Vultures have stomach acid that kills cholera, botulism and anthrax, but that didn’t help them in this case. Nothing the vultures could do would prevent this decline. There was no time to learn to stay away from cattle, which might have happened, for example, if they became sick rather than died from diclofenac.

The worth of a species

If endangered species had a PR unit within their population they’d want to take steps to increase their numbers. Become the symbol of a nation or some powerful group in order to find people who would support the species in tough times. They’d want to be beautiful but not have beautiful feathers or fur that could be poached. They’d want to be big, because people feel worse about killing big animals. They’d want to share something with humans that reminds people of themselves.

This is sometimes called the “charismatic megafauna” effect. Those impressive whales, rhinos, and lovable pandas find themselves with support groups that act to support their habitats and try to limit exposure to poachers (sometimes with mixed results). An animal like a vulture is less likely to find large groups that support it.

There are revenue models that support saving the whales, rhinos, and pandas. People pay to see animals like these in the wild or in captivity. People donate and receive mementos with their favored animal’s likeness. It this possible for something like a vulture?

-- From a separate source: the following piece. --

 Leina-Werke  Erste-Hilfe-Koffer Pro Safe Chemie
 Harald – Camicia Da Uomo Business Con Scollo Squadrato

There are attempt to put an economic value on species, possibly as a way of saving them. The economic loss of vultures in India is estimated at $24 Billion.

Fast-growth Startups – Why do they die?

For some good and bad reasons, people like fast-growth startups. They are somehow more exciting than traditional companies doing similar things, they generate attention, and they let us imagine what the future might be like.

But there are many reasons why a startup, even a well-funded one, might die. Founder troubles. Lawsuits. Broad economic woes. Inability to execute… Let’s look at the mirror image of the vulture situation. Does growing too fast expose some companies to premature death?

How is it possible to grow too fast? Let’s look at just two ways this happens: the search for market share in some transportation services and reliance on paid customer acquisition in direct-to-consumer sales.

Some types of businesses only make sense when there is market consolidation. For example, people don’t want 10 different companies to turn to for rideshare services. At this point, we have around two major rideshare providers in any market. Depending on where you are in the world, this might include Uber, Lyft, Didi Chuxing, or Grab. To have a chance at attaining market share, these companies need to offer service in a broad range of locations. In some markets, rideshare companies have had such competition that they offer discounts, rebates, rewards for referrals, both for passengers and drivers. This can be good for the riders and the drivers for a while, but the discounts are offered with the expectation that once market share has been attained, it is defensible and the economics of the business change, whether through higher prices or lower unit costs.

The companies above grew fast, but when personalized last-mile transportation services like dockless bikes and scooters emerged, we saw more exaggerated growth. To provide access to the dockless bikes and scooters required companies like Ofo, Mobike, Bird, and Lime to own and distribute their devices widely.

With the support of investment and in the search for market share, companies that are in a winner-take-all market like dockless bikes and scooters quickly add new supply and add new service locations. We see this more obviously because these startups have physical assets spread visually around an urban area.

In direct-to-consumer sales, for example in meal box businesses, like Blue Apron (boxes of ingredients shipped to customers), companies face high customer acquisition costs and low customer loyalty. As a result, many of these companies closed when they couldn’t afford to continue to subsidize new customer growth. Others that raised more money and even IPO’d were able to stay operational but still suffer from paying more for customer acquisition than they receive back in gross margin.

While a smaller or localized business of this type might have worked better, or might have at least allowed for improving the situation, expanding service nationally requires logistics, long-distance shipping, competing in different local markets, and managing the cost of food waste. But companies that take so much investment cannot stay small.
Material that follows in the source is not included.